Loading multiple files with ODI

If your source is file and you need to load multiple files into your database you need to do more than something. If you want to load your files using ODI interfaces you need to make some customization within ODI. There are some utilities or commands to load files into databases such as Sybase uses BCP, Oracle uses SQL Loader, MS SQL Server uses Bulk Insert. Some of them support multiple files, some of them support transformations. But there is a bit problem if name of the file is generated by source system, that means you don’t know the names of the files.

I want to explain a methodology loading multiple files into Oracle using external tables, which I think the best and easiest way.

First the environmental stuff and some prerequisites;

1. A Knowledge Module to load files using file name as a ODI Variable.
2. Some operating system folders for loading, rejected and log files.
3. A table named ETL_FILE_LOG to hold the file name in ODI Variable and to log in database.
4. 4 ODI Procedure getting file list, work with processed files, work with rejected files and rename files.
5. An ODI Interface to make transformations and loading.
6. 2 ODI Variables to manage file_name and file_id.
7. An ODI Package to manage everything.

Let’s start to do some work.

1. Knowledge Module

This is a simple Knowledge Module named “IKM SQL Control Append (Direct Load,HINT)” which is based on ODI standard Knowledge Module name IKM SQL Control Append. The additions are since we are loading into Oracle database it will be useful to use Oracle HINTS. “INSERT HINT” option and “SELECT HINT” options are added and placed into “Insert new rows” command of Knowledge Module.

This customized Knowledge Module prepares an insert statement all on “Command on Target” tab. There is no working tables and nothing on source. Creates a simple insert statement like this.

 insert /*+ INSERT_HINT */ into
target_table_name
(column_list)
select /*+ SELECT_HINT */column_list
from source_tables
where conditions
<tablejoins>
<table_filters>
group by {if any}
having {if any}

2. Operating System Folders

You need a base folder for every kind of table.
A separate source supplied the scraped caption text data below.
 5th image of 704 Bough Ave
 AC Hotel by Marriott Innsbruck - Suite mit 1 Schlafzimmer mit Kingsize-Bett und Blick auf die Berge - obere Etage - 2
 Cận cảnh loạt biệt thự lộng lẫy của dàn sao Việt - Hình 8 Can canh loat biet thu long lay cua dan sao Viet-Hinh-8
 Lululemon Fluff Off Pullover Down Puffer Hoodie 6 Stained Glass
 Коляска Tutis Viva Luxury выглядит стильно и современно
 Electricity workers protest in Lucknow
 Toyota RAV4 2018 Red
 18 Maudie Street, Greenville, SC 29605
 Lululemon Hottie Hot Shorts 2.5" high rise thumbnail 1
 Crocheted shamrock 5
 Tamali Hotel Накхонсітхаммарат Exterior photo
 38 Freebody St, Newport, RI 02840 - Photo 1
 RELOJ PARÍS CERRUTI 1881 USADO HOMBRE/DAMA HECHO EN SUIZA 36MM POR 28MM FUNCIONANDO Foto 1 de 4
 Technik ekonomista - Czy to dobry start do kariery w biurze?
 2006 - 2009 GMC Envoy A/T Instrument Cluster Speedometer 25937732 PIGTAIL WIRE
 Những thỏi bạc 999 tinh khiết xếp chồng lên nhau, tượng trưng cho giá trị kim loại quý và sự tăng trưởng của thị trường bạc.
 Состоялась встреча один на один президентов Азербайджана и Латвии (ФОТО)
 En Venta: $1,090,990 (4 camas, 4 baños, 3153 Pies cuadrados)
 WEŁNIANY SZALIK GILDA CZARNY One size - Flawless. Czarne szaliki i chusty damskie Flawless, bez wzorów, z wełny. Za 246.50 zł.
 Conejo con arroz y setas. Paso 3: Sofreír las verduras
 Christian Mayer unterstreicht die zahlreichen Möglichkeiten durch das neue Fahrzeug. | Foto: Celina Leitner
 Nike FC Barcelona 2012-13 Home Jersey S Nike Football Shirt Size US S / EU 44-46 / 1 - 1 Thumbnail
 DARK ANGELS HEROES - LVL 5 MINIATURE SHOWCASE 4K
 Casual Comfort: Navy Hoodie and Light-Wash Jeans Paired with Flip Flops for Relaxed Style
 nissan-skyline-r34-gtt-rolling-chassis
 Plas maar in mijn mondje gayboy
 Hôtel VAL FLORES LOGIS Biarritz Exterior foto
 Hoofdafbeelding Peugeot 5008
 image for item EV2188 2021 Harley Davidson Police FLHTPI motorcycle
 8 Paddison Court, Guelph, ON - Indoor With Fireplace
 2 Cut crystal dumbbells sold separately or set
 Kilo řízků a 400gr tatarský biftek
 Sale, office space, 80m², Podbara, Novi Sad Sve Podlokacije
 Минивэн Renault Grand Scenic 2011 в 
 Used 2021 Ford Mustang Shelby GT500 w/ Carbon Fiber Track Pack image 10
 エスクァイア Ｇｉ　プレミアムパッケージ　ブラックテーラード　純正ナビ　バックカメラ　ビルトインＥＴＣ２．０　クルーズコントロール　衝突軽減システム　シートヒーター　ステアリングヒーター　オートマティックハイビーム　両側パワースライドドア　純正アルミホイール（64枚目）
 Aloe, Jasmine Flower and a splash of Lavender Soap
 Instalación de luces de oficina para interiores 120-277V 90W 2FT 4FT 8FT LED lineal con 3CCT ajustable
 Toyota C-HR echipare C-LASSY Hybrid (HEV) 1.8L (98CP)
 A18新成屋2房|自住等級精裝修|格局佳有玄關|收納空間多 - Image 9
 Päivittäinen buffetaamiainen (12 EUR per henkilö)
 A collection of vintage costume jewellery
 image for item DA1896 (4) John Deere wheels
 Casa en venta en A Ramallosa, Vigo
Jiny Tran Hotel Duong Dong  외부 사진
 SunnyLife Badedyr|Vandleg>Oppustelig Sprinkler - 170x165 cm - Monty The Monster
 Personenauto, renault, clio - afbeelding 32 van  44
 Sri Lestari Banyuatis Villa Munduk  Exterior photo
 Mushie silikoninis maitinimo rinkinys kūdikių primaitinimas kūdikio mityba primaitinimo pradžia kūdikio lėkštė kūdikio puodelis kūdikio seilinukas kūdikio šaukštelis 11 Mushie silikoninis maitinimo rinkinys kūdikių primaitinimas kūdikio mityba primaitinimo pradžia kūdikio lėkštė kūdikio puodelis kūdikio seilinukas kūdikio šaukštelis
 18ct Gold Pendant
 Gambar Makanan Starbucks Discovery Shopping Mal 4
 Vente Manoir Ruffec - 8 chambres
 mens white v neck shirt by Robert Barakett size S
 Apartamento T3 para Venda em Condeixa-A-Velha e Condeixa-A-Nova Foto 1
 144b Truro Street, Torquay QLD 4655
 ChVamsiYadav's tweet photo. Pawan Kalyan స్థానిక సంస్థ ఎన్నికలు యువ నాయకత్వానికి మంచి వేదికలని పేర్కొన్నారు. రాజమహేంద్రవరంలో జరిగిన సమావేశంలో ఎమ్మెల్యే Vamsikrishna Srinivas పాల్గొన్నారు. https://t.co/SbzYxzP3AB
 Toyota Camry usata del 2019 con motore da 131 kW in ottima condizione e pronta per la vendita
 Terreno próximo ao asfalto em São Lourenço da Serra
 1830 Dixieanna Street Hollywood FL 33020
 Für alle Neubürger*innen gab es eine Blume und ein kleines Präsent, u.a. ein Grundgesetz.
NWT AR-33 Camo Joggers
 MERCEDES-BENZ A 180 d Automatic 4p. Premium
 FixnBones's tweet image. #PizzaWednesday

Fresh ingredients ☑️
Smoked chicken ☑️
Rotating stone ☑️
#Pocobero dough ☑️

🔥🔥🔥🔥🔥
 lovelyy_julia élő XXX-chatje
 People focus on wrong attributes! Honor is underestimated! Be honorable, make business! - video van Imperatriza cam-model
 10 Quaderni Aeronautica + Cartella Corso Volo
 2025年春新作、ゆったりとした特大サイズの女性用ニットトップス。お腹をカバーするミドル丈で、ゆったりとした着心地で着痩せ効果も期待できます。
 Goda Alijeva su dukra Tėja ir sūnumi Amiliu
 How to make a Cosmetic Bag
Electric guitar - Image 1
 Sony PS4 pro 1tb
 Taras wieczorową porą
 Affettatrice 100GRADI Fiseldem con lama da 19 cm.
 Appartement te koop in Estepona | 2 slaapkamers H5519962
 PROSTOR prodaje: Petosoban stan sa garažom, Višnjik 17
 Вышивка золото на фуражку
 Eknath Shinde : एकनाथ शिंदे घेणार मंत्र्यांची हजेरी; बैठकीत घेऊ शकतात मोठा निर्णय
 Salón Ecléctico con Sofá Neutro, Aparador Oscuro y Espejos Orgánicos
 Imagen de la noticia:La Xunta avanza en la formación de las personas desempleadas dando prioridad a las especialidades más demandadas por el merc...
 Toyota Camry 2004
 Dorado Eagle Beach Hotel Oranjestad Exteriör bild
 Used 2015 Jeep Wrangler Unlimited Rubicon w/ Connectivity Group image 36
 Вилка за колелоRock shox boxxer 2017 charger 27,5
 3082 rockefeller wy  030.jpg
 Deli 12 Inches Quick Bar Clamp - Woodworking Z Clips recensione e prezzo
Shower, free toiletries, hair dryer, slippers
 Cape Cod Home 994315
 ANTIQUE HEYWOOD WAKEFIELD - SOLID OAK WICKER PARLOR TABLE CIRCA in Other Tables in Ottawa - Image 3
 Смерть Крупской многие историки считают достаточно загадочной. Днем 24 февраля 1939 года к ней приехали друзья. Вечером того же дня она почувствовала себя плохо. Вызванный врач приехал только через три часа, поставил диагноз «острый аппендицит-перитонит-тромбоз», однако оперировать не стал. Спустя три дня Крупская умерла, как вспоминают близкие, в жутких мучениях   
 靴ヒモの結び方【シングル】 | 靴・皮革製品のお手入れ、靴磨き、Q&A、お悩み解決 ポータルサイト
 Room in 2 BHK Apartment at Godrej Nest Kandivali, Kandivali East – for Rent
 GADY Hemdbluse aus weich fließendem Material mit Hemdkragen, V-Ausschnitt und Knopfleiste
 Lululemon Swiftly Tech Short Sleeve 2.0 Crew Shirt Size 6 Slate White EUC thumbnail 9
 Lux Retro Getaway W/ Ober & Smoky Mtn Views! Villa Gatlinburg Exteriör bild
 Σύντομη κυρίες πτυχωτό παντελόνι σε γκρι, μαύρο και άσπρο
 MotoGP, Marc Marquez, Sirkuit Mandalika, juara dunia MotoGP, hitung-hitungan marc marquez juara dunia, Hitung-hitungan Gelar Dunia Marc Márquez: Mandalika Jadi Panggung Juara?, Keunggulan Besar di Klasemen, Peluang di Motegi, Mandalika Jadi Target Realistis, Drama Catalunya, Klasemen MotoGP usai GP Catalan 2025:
If you are loading invoice log files into table, it is better to open a /data/invoice_logs folder as a base folder for invoice log files. Lots of files with same template would be copied here. There may be another file copying mechanism or you can do it within ODI Procedure.

Usable folders are /data/invoice_logs/log and /data/invoice_logs/rejected. If you need to store your file after loading into table it is better to create a folder named /data/invoice_logs/processed folder as well.

3. ETL_FILE_LOG table

ETL_FILE_LOG is a table that hold below information.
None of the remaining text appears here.